Oui, il y aura des portes de saloon qui pivotent, des coups de pistolet qui partent, des chevaux sur lesquels on bondit et de la poussière. Oui, Jusqu’au bout du monde, deuxième long-métrage de Viggo Mortensen (après Falling, sorti en 2021), reprend tous les codes des westerns classiques, cette imagerie qui fait partie intégrante de l’histoire du cinéma et de celle de l’Amérique. Seulement voilà, dès sa scène introductive, celui qui est aussi acteur, poète, scénariste, producteur, musicien, photographe et peintre (on espère n’avoir rien oublié), se permet un pas de côté. L’image d’un chevalier qui s’avance dans une forêt, semblant s’être trompé d’époque. Nous sommes prévenus. Viggo Mortensen ne se coulera pas tout à fait, pas jusqu’au bout, dans le moule du genre.

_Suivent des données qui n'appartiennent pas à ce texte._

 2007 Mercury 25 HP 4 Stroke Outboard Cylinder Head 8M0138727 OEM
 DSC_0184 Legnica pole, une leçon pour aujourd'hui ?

Ses personnages ne sont d’ailleurs pas américains. Lui incarne Holger Olsen, Danois exilé, traumatisé par la guerre dans son pays, devenu charpentier. Bientôt, il rencontre Vivienne Le Coudy, canadienne, aussi rebelle et solaire qu’il est taiseux et renfermé. Ce couple bizarrement assorti au premier abord, uni par la quête de calme et de paix, s’installe dans une bicoque au milieu de rien, près d’une petite ville du Nevada. Lorsque Holger s’engage dans la guerre de Sécession, la laissant seule, Vivienne devra survivre dans un monde d’hommes violents.

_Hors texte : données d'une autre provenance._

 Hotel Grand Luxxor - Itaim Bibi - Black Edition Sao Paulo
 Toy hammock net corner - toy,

Voici donc un autre pas de côté du réalisateur américano-danois : on ne suivra pas l’homme dans ses aventures militaires mais bien la femme dans son quotidien. Jusqu’au bout du monde a le mérite de rappeler que, si elles ont eu tendance à disparaître au cinéma, les femmes étaient bel et bien là pendant cette fameuse conquête de l’Ouest. Et que ce monde tout entier façonné par la violence ne leur a pas fait de cadeau. Sous le chapeau de Vivienne, l’actrice luxembourgeoise Vicky Krieps est, comme toujours, extraordinaire. Elle seule suffit à sauver quelques scènes aux dialogues un peu maladroits et, surtout, épaissir quelque peu des personnages esquissés.

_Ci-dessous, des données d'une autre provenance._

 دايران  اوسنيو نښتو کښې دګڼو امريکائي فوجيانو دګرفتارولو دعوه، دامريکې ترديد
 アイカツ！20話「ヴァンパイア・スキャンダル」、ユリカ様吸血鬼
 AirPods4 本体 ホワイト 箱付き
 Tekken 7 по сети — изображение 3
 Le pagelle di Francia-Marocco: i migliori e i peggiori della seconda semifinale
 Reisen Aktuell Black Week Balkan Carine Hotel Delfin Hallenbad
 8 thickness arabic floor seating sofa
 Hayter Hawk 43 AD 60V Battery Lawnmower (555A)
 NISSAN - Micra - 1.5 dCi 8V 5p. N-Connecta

Car le western de Viggo Mortensen manque de chair et d’enjeux. Entre des seconds rôles caricaturaux et des protagonistes dont on ne comprendra jamais vraiment les motivations (pourquoi donc Holger part-il à la guerre ?), on peine parfois à saisir où le réalisateur veut nous emmener, ni même s’il a réellement une histoire à raconter en deux heures. Cet hommage au western américain aurait sûrement mérité des pas de côté plus francs encore. Loin de le dénaturer, ils auraient porté le genre vers sa modernisation.